Task prompt>
Transcribe only the part of the material below that begins at the line containing "Three people walking" and ends at the line containing "Close up of person", with both kept and images left out.

Source data>
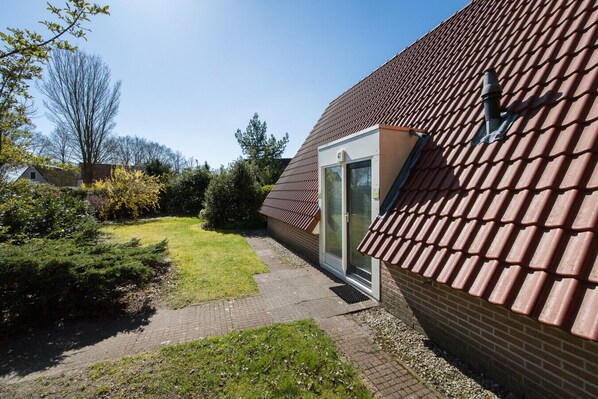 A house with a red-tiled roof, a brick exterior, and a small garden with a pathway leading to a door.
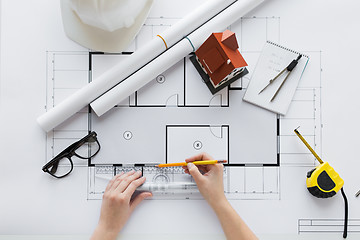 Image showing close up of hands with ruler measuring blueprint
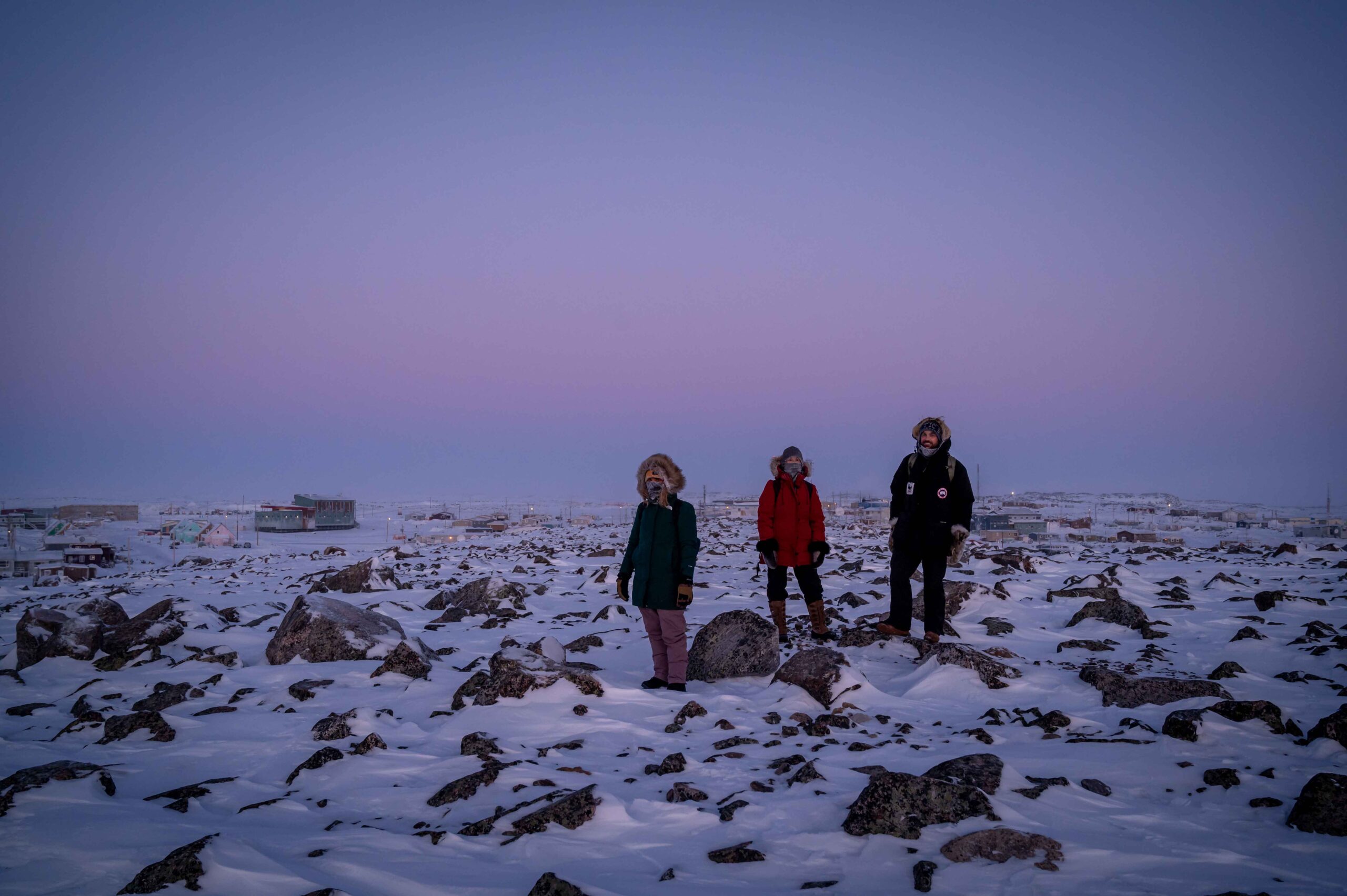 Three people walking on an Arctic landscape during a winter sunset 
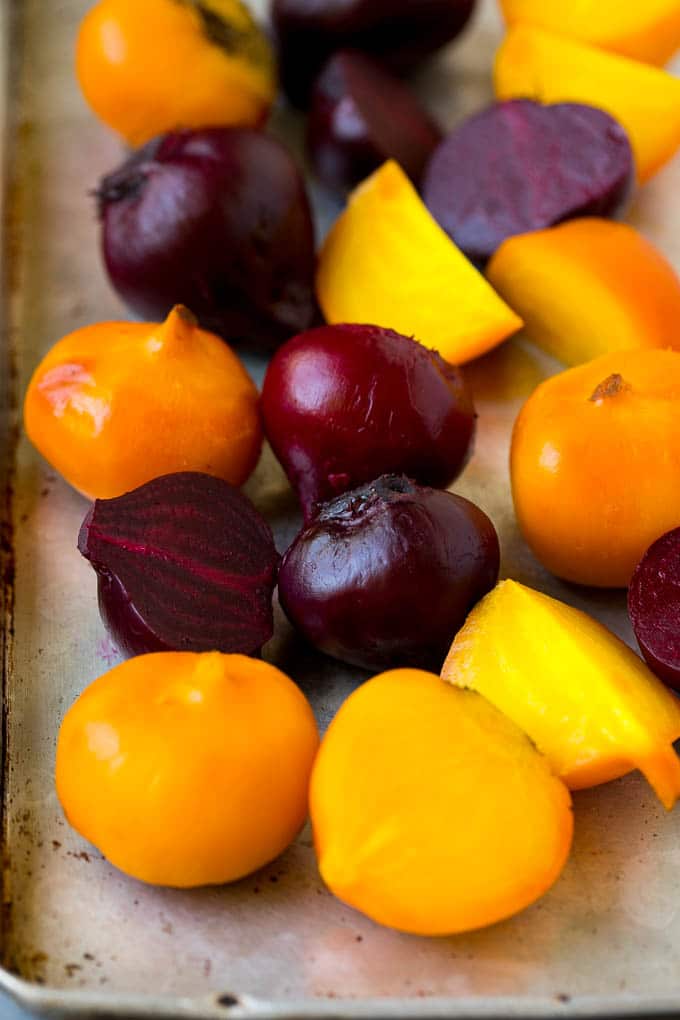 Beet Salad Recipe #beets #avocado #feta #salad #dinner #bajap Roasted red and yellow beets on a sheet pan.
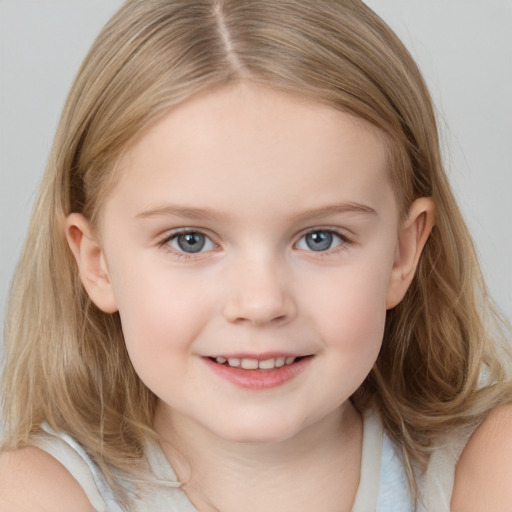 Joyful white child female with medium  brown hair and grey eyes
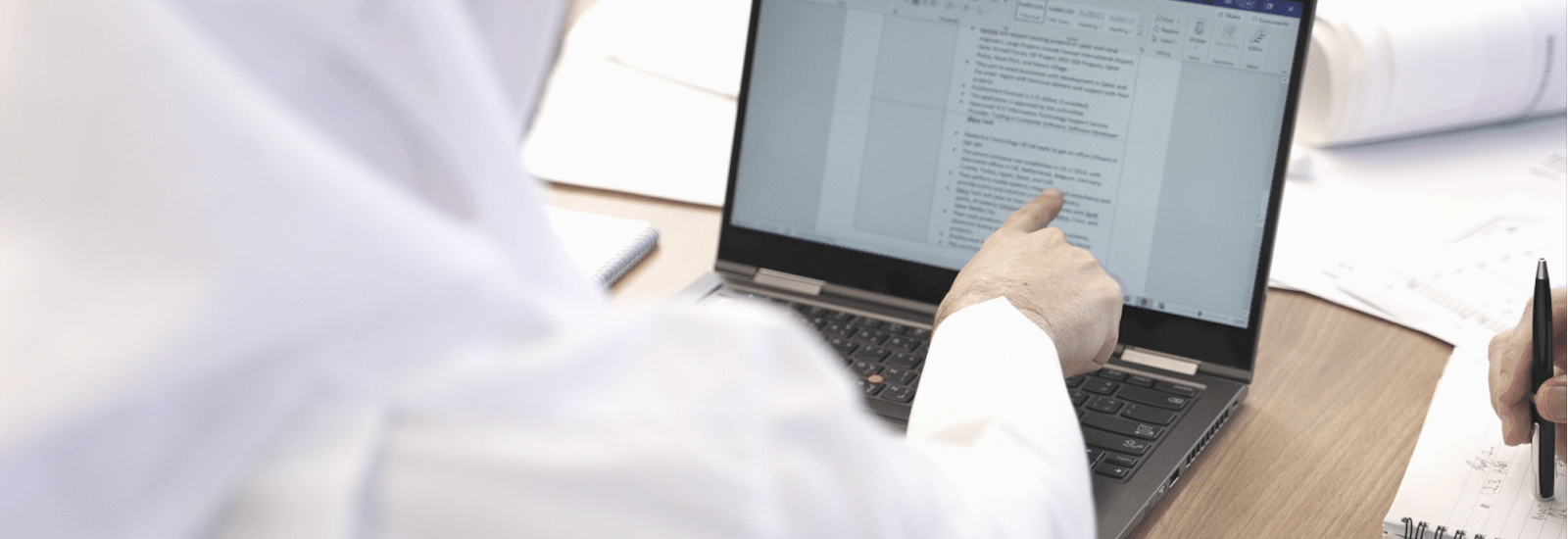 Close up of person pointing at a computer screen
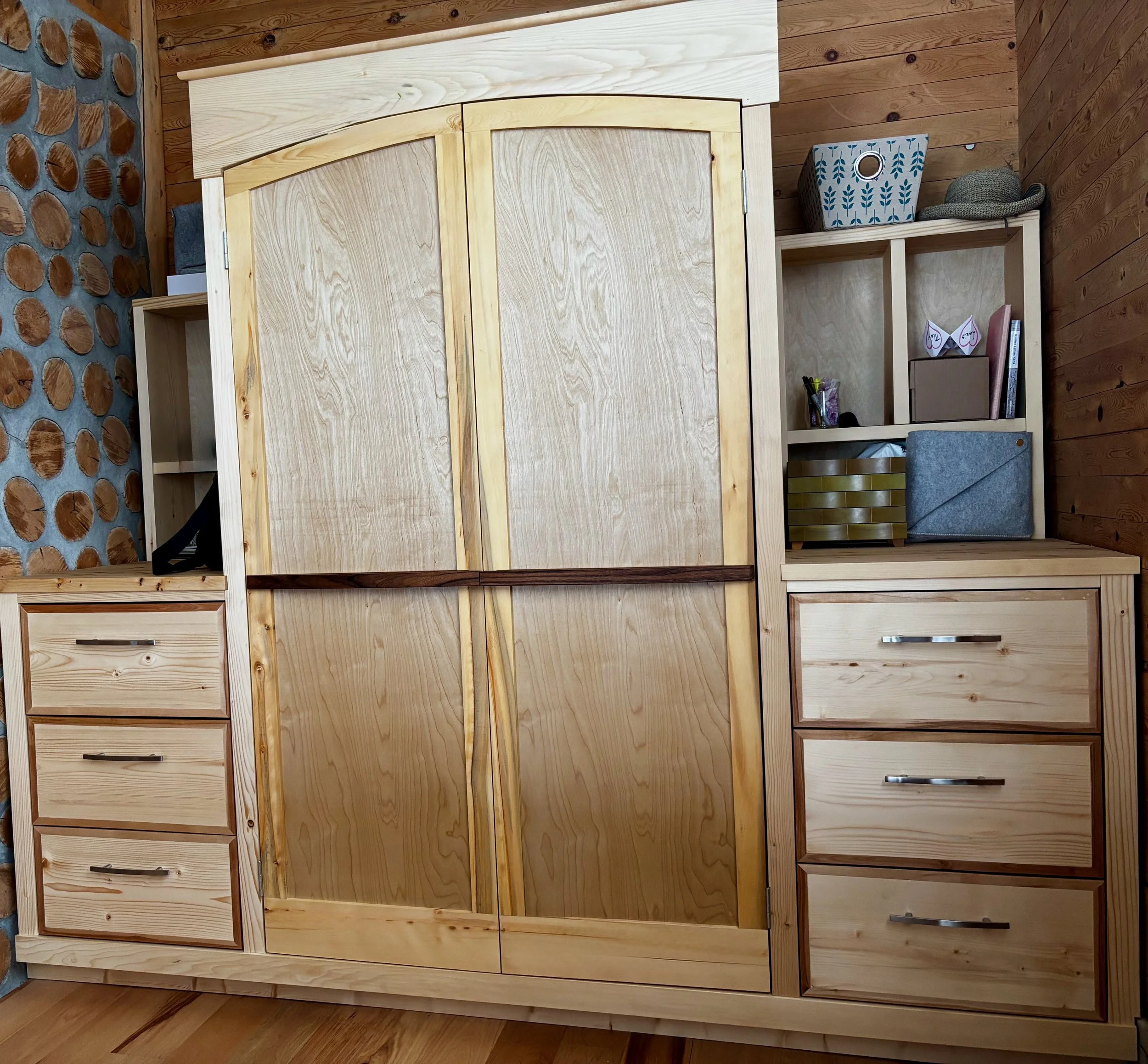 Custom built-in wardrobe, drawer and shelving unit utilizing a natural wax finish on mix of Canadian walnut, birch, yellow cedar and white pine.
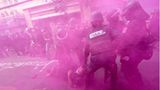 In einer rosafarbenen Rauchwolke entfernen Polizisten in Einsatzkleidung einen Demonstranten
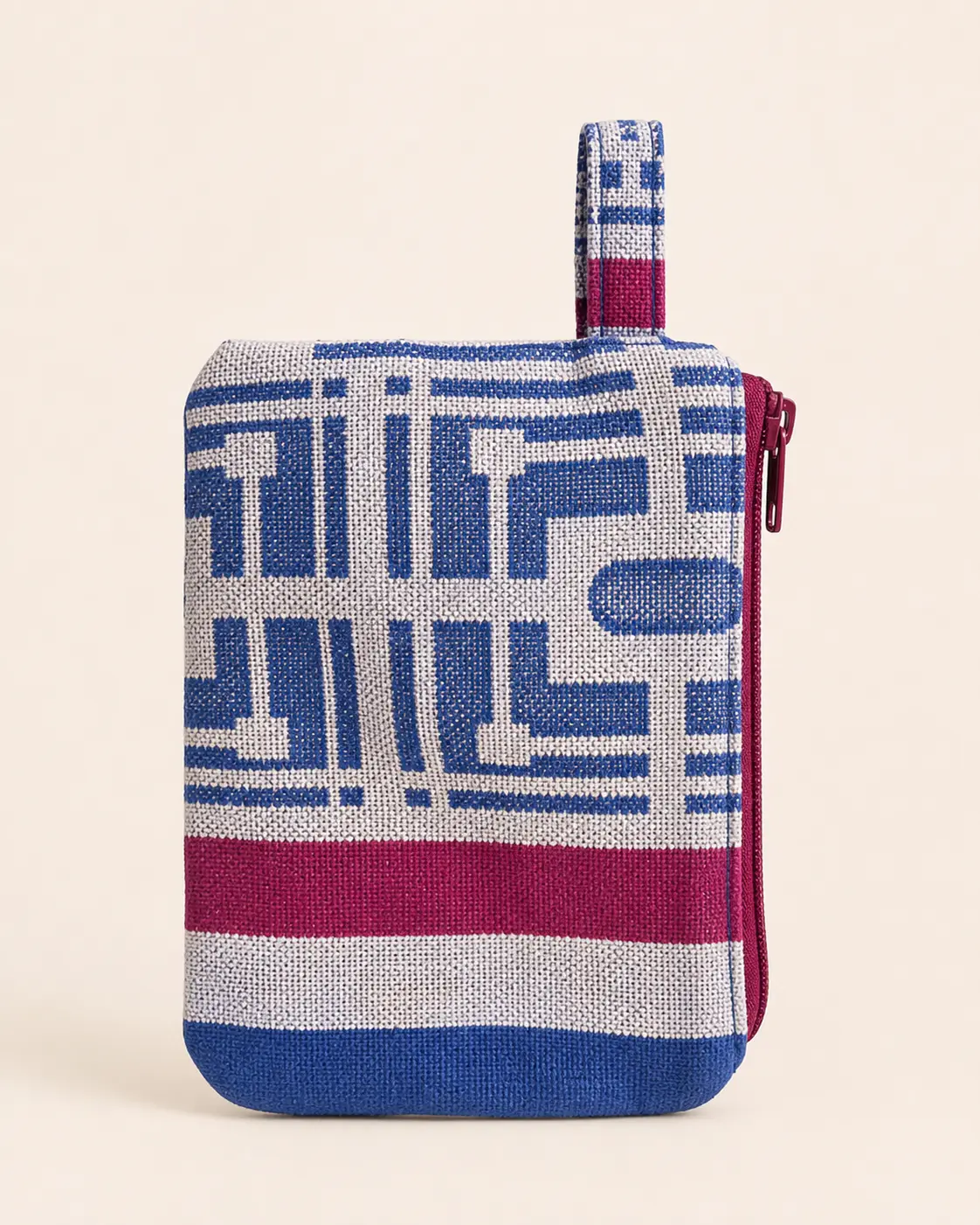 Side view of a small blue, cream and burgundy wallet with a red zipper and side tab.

Task response>
 Three people walking on an Arctic landscape during a winter sunset 
 Beet Salad Recipe #beets #avocado #feta #salad #dinner #bajap Roasted red and yellow beets on a sheet pan.
 Joyful white child female with medium  brown hair and grey eyes
 Close up of person pointing at a computer screen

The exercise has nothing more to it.